* _Assignment_
The answer must be the lines from the one containing "this 640×480 image." through the last line of the data below, copied exactly, with nothing else.

*** Source records ***

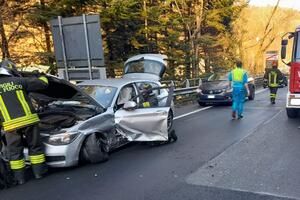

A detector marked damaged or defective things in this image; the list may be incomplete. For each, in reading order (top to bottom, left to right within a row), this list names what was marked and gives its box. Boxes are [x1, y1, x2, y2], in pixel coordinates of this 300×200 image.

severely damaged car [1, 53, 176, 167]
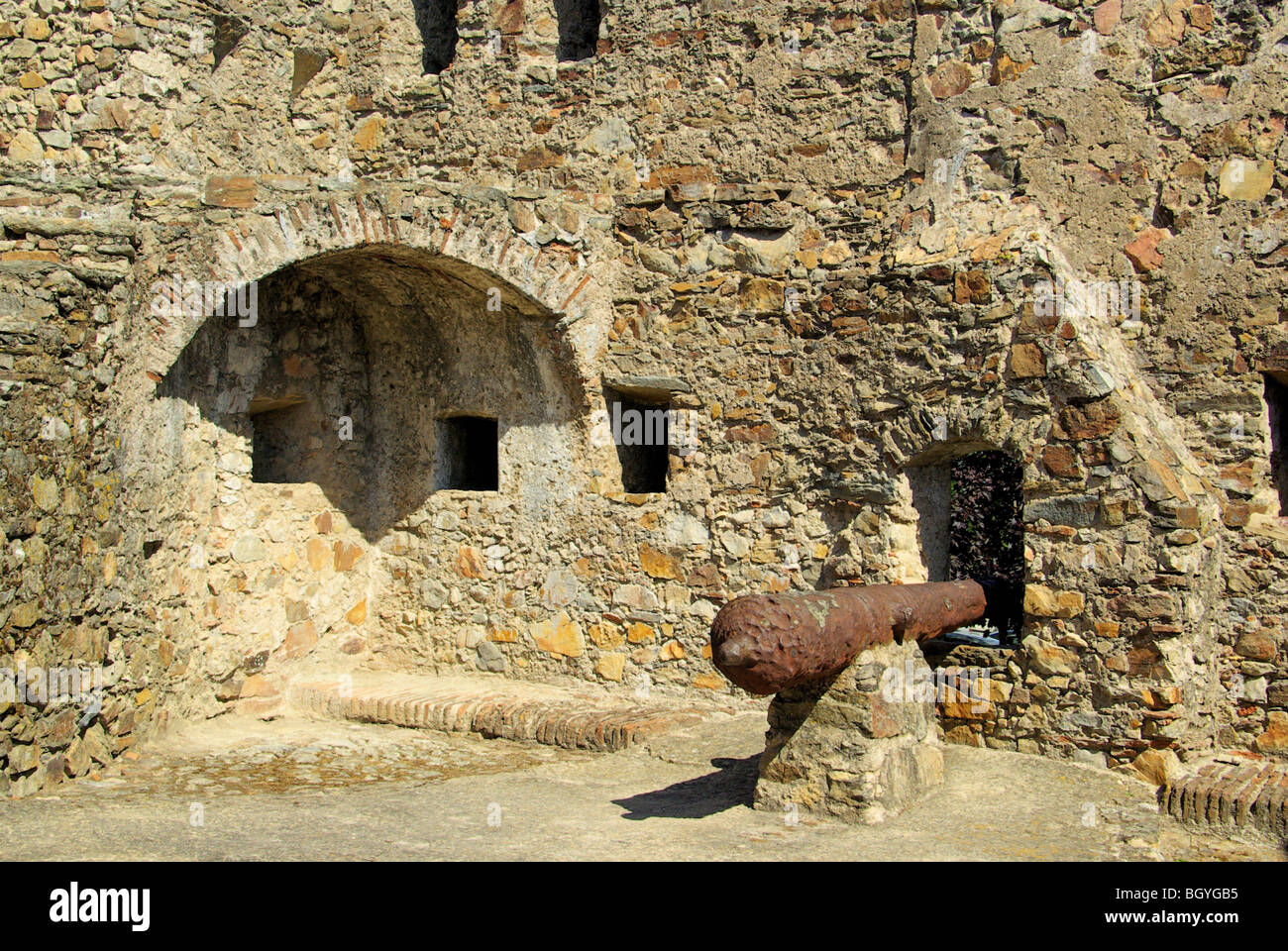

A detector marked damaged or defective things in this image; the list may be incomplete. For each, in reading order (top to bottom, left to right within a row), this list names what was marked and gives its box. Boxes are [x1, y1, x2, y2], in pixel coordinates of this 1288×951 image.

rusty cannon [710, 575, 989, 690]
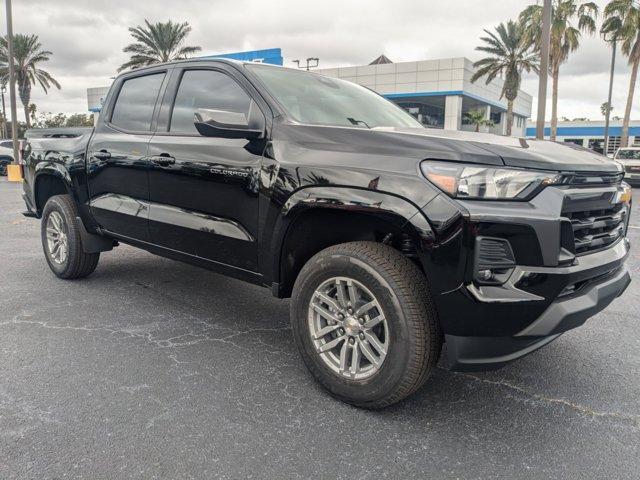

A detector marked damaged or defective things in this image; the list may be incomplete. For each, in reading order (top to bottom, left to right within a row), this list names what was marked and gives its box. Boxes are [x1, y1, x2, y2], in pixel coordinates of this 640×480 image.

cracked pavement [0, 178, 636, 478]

*** End of Source records ***

* _Solution for this task_
A detector marked damaged or defective things in this image; the list may be incomplete. For each, in reading order (top to bottom, left to right within a row), this list names what was marked and gives its box. Boxes are [x1, y1, x2, y2], in pixel coordinates of this 640×480 image.

cracked pavement [0, 178, 636, 478]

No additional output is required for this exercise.